The jury said the film is “a small-scale story that finds profundity in sharp specificity, along with comedy in tragedy (and vice versa.)” The debut feature, about a young woman finding her way in Paris, previously won the Camera d’Or in Cannes.
Two British directors also triumphed, with Rungano Nyoni winning best debut for I Am Not a Witch and Francis Lee winning best director for God’s Own Country.
God’s Own Country star Josh O’Connor also won best actor. The gay romance was also runner-up for the audience award which went to Three Billboards Outside Ebbing, Missouri.
Best Screenplay went to No Date, No Signature by Vahid Jalilvand and Ali Zarnegar; best cinematography went to Paul Guilhaum for Ava; best actress went to Antonia Zegers for Los Perros.
The Stockholm Impact Award – worth $118,000 (1m SEK) – went to Polish director Anna Jadowska for Wild Roses, the story of a mother living in a conservative society. The jury praised that film “for the sensitive depiction of a mother who refuses to abandon her true self, for the portrait of a revolting child that questions an utterly conservative society, for the visually exquisite style that contrasts with a world plunged in prejudice and moral coercion.”
For Akheem by Jeremy S. Levine and Landon Van Soest won best documentary.
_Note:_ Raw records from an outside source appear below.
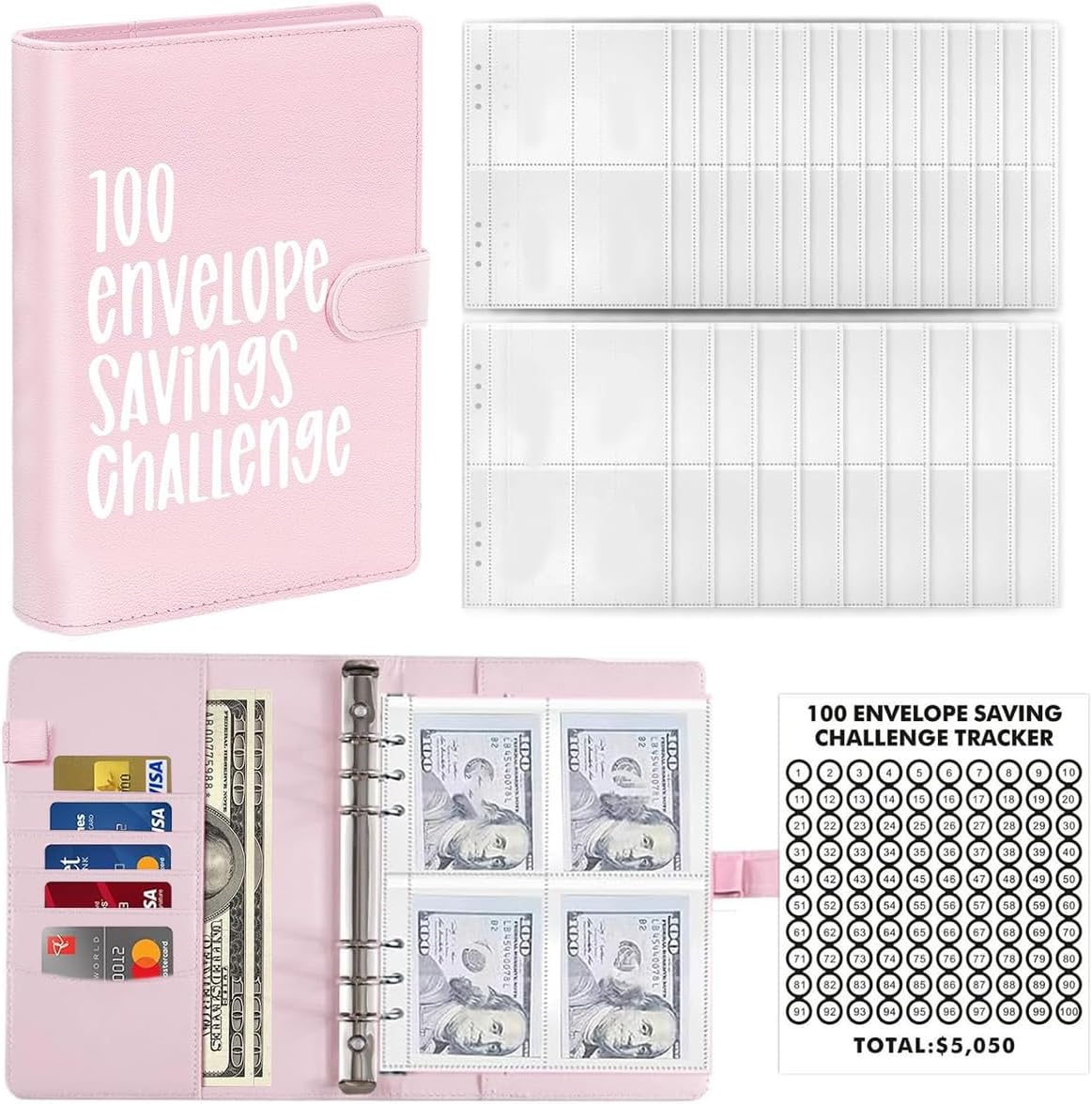 HASTHIP Money Saving Planner A5 Budget Binder with 100 Days Plan and Cash Envelopes, Pink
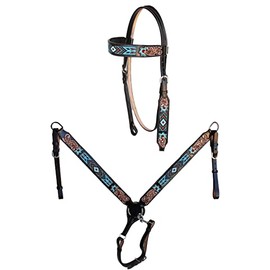 CHALLENGER Horse Show Bridle Leather Western Antique Floral Tooled Leather Beaded Bridle Breast Collar Tack 79FK04B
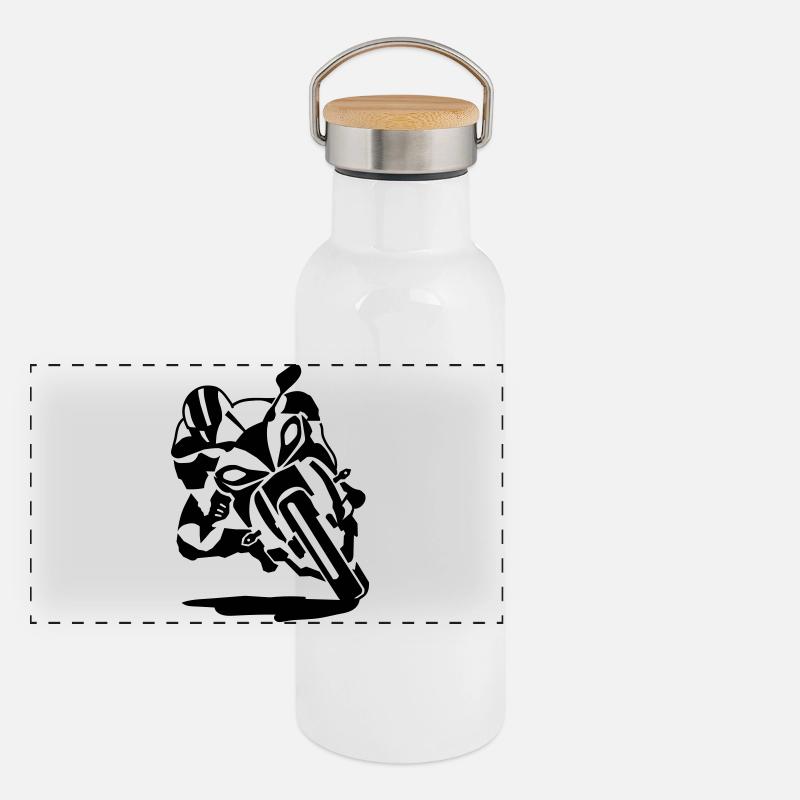 Motorrad Panorama Thermosflasche mit Bambusdeckel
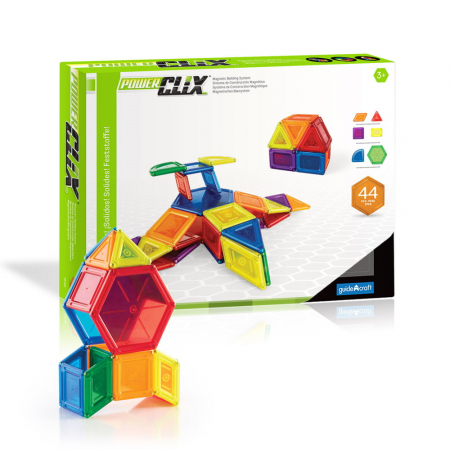 Jucării și Jocuri pentru copii - PowerClix Solids, set magnetic, 44 piese, Guidecraft, 4+ ani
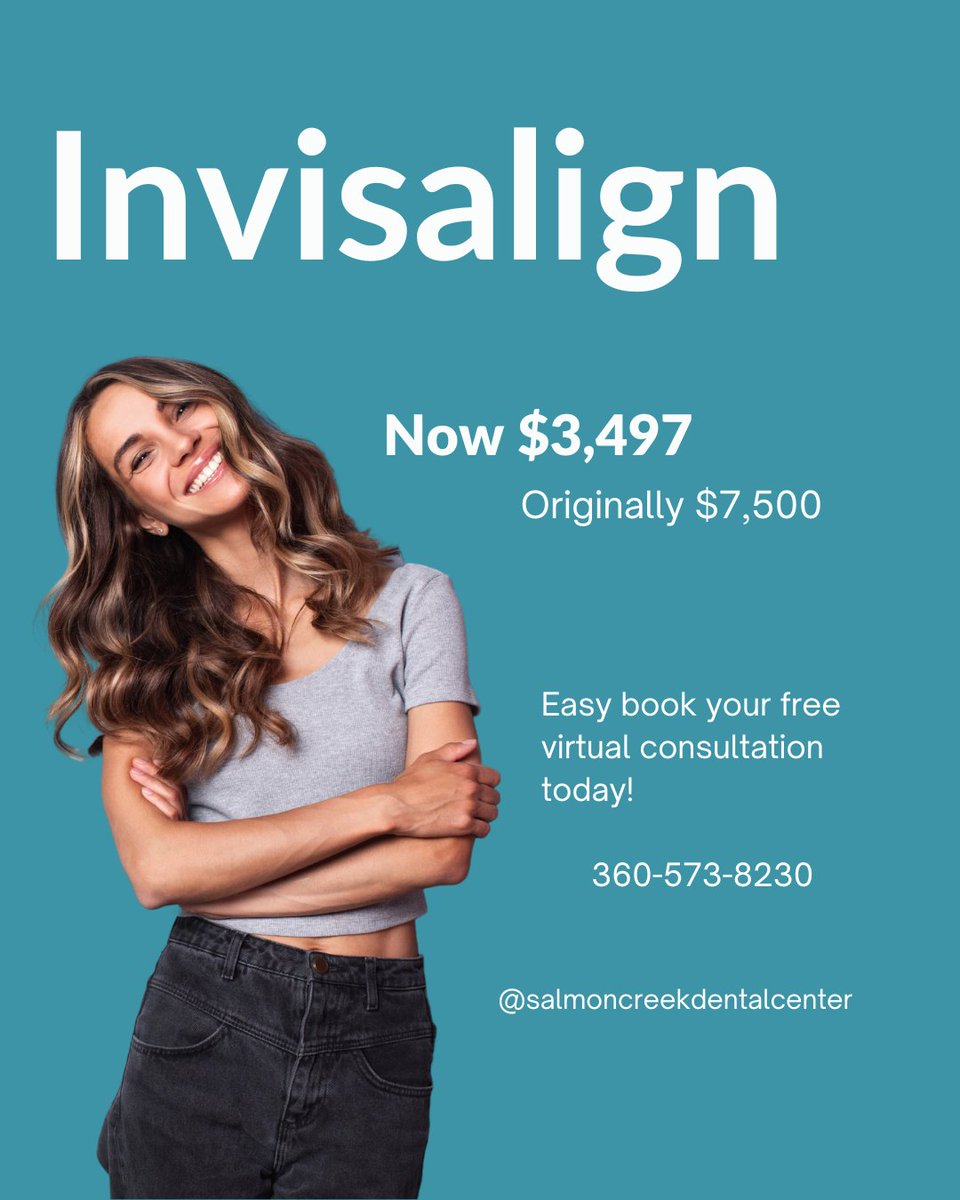 salmoncdental's tweet image. Don't miss our big Invisalign Sale! 🤩

Schedule your FREE virtual consultation before it's too late ⚡️

#invisalignprovider #invisalignvancouverwa #salmoncreekdentalcenter
#vancouverwa #salmoncreekdental #vancouverwashington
Best short was Retouch by Kaveh Mazaheri and the 1KM Film Award went to Nyforelsket by Ville Sörman.
As previously reported, Vanessa Redgrave won the festival’s lifetime achievement award and Pablo Larrain won the Visionary Award.
The Rising Star award went to Gustav Lindh. The audience award 2017 went to Three Billboards Outside Ebbing, Missouri by Martin McDonagh. The runner up was God’s Own Country, followed by Philippe Van Leeuw’s Insyriated.
Finally, the Fipresci award went to Roman Polanski’s Based On A True Story.